Most companies get patent protection to protect a product.
This is the first line of defense and is the most simplistic manner to use patents. In this case, the business interest is two fold. The primary goal is to prevent competitors from directly infringing the product going out the door and the secondary goal is to set up a defensive perimeter that will protect as many product generations as possible.
Patents in this category tend to define the product in a lot of detail, with as many options and variations of the product as possible. The claims are drafted by picking out the most important business-related features of the product. Often, several independent claims may be needed to cover all the possible variations of the product that, from a business standpoint, we wish to prevent from entering the marketplace.
The claims need to focus on the “business-related” features of the product. This means finding those aspects of the product that give the company a competitive advantage. It may be something that adds functionality to the product, something that reduces the cost, or a distinctive feature that would be difficult to design around.
The “business-related” features can be evaluated in economic terms. An invention that justifies a higher asking price, one that reduces the production cost by a certain amount, or one where the costs to design around are quantifiable, can be quantified in dollars and cents. When this type of economic analysis is possible, we have a good estimate of the relative value of the invention.

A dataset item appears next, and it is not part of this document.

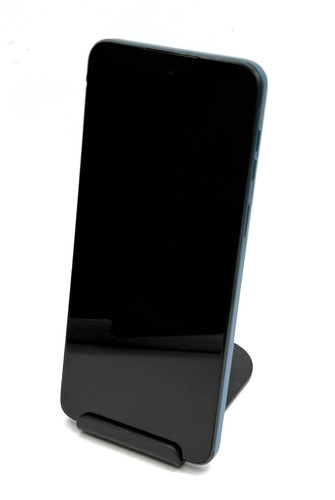 Motorola moto g54 - moto,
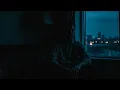 The Black Crowes - Seeing Things (Lyrics On Screen)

When writing these types of patents, the discussion with the inventor and business manager include competitor’s products, what the next generation or two of the existing product will include, and which features of the existing product give it a competitive edge. We start with the competitive advantage of the client’s products as compared to the competitor’s products, then map the future upgrades or changes to the product, and envision how the competitors will respond, all the while focusing on protecting the client’s core competencies and strengths.
Often, the timeframe envisioned for these types of patents are two or three product cycles. Because the products may evolve significantly over time, the business manager must understand that a majority of the patent protection will be in the initial two product cycles and may diminish over time.
This type of patent protection requires a large amount of input from the business and marketing side of the client, and not just the technology side. Without the marketing information, critical issues may be overlooked and the patent may have much less value to the client than it could have.